Parameters Stepping Behavior

The pstep argument (optional) is a 1D float ndarray that defines the stepping behavior of the fitting parameters over the parameter space. This argument has actually a dual purpose:

Stepping Behavior

First, it can keep a fitting parameter fixed by setting its pstep value to zero, for example:

# Keep the third parameter fixed:
pstep = np.array([1.0, 0.5, 0.0])

It can force a fitting parameter to share its value with another parameter by setting its pstep value equal to the negative index of the sharing parameter, for example:

# Make the third parameter share the value of the second parameter:
pstep = np.array([1.0, 0.5, -2])

Otherwise, a positive pstep value leaves the parameter as a free fitting parameter:

# Parameters' stepping behavior:
pstep = np.array([1.0, 0.5, 0.1])

Stepping Scale

pstep also sets the step size of the free parameters. For a differential-evolution run (e.g., sampler = 'snooker'), mc3 starts the MCMC drawing samples from a normal distribution for each parameter, whose standard deviation is set by the pstep values. For a classic Metropolis random walk (sampler = 'mrw'), the pstep values set the standard deviation of the Gaussian proposal jumps for each parameter.

For more details on the MCMC algorithms, see Sampler Algorithm.

Parameter Priors

The prior, priorlow, and priorup arguments (optional) are 1D float ndarrays that set the prior estimate, lower uncertainty, and upper uncertainty of the fitting parameters. mc3 supports two types of priors:

A priorlow value of zero (default) defines a uniform prior between the parameter boundaries. This is appropriate when there is no prior knowledge for a parameter \(\theta\):

\[p(\theta) = \frac{1}{\theta_{\rm max} - \theta_{\rm min}},\]

Positive priorlow and priorup values define a Gaussian prior for a parameter \(\theta\):

\[p(\theta) = A \exp\left(\frac{-(\theta-\theta_{p})^{2}}{2\sigma_{p}^{2}}\right),\]

where prior sets the prior value \(\theta_{p}\), and priorlow and priorup set the lower and upper \(1\sigma\) prior uncertainties, \(\sigma_{p}\), of the prior (depending if the proposed value \(\theta\) is lower or higher than \(\theta_{p}\), respectively). The leading factor is given by: \(A = 2/(\sqrt{2\pi}(\sigma_{\rm up}+\sigma_{\rm lo}))\) (see [Wallis2014]), which reduces to the familiar Gaussian normal distribution when \(\sigma_{\rm up} = \sigma_{\rm lo}\):

\[p(\theta) = \frac{1}{\sqrt{2\pi}\sigma_{p}} \exp\left(\frac{-(\theta-\theta_{p})^{2}}{2\sigma_{p}^{2}}\right),\]

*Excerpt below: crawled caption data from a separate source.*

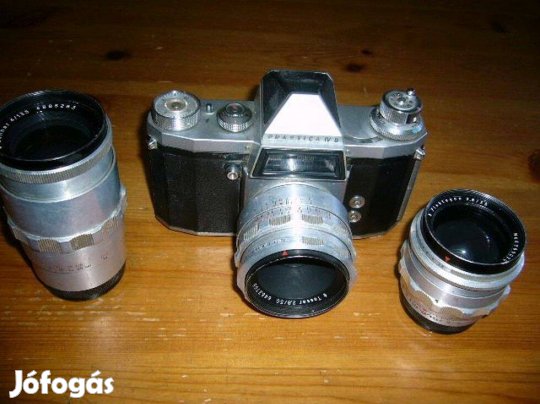 Fényképezőgép, régi, Praktica, Flektogon, Sonnar,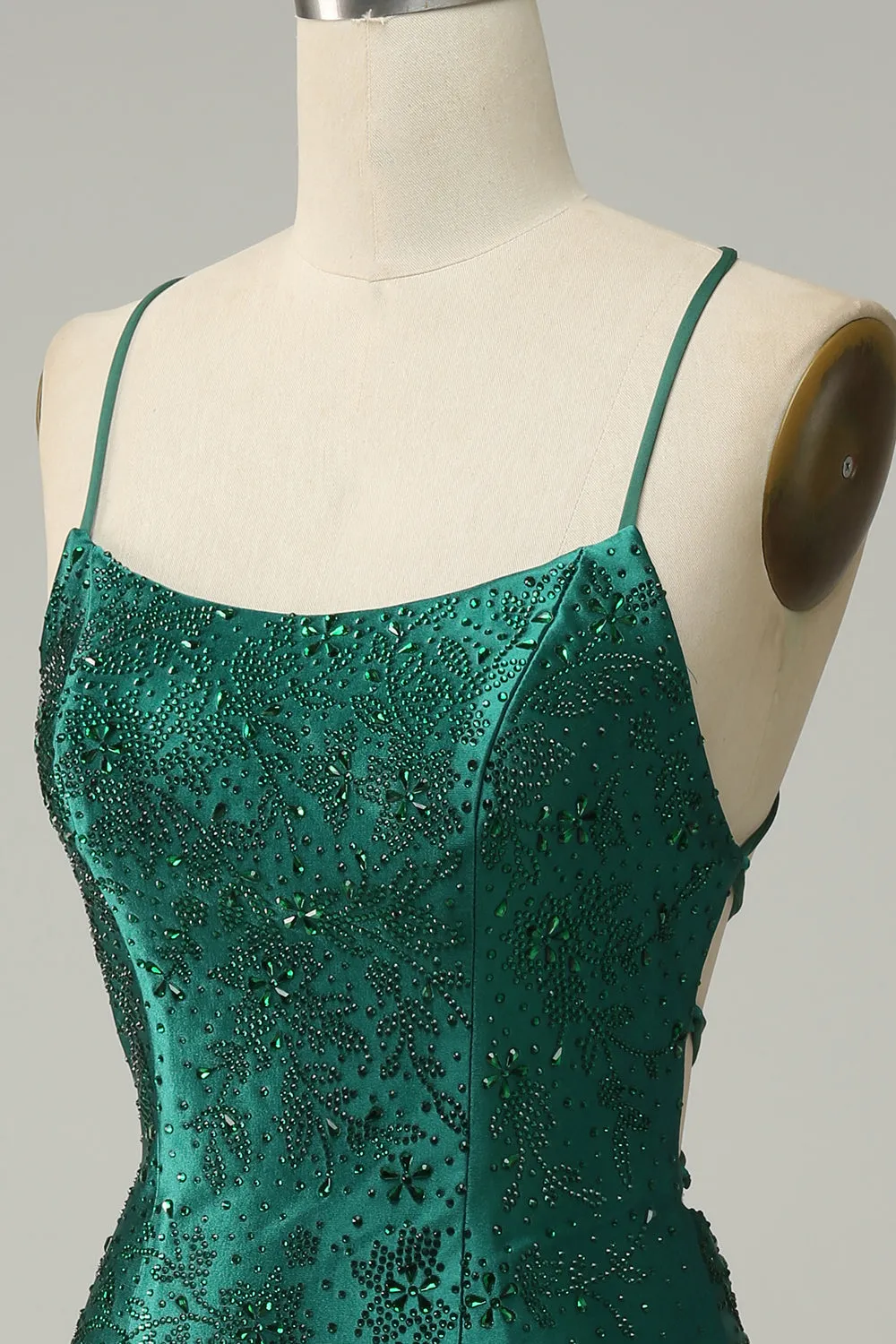 Dark Green Beaded Tight Homecoming Dress With Criss Cross Back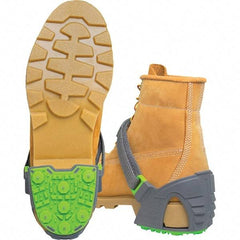 Winter Walking - Size 16+, Strap-On Cleat - Tungsten Carbide Stud Traction, Green & Gray - USA Tool & Supply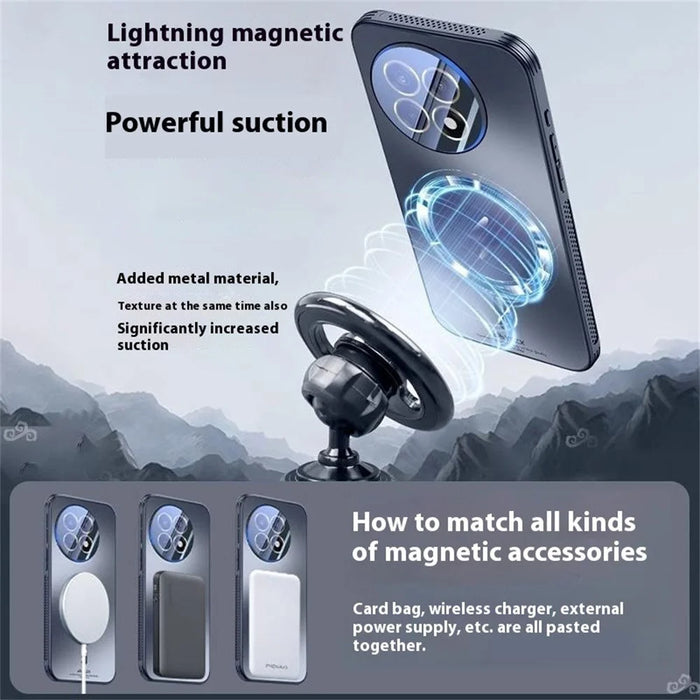 For OnePlus Ace 5 5G Magnetic Case Matte PC + TPU Heat Dissipation Phone Cover - Titanium Blue - 3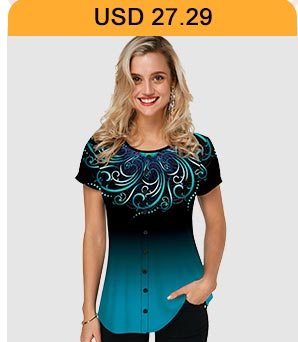 Round Neck Button Embellished Printed Blouse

For example, to explicitly set uniform priors for all parameters:

# Parameter prior probability distributions:
prior    = np.array([ 0.0, 0.0, 0.0])
priorlow = np.array([ 0.0, 0.0, 0.0])
priorup  = np.array([ 0.0, 0.0, 0.0])

Parameter Names

The pnames argument (optional) define the names of the model parametes to be shown in the scren output and figure labels. The screen output will display up to 11 characters. For figures, the texnames argument (optional) enables names using LaTeX syntax, for example:

# Parameter names:
pnames = ['y0', 'alpha', 'beta']
texnames = [r'$y_{0}$', r'$\alpha$', r'$\beta$']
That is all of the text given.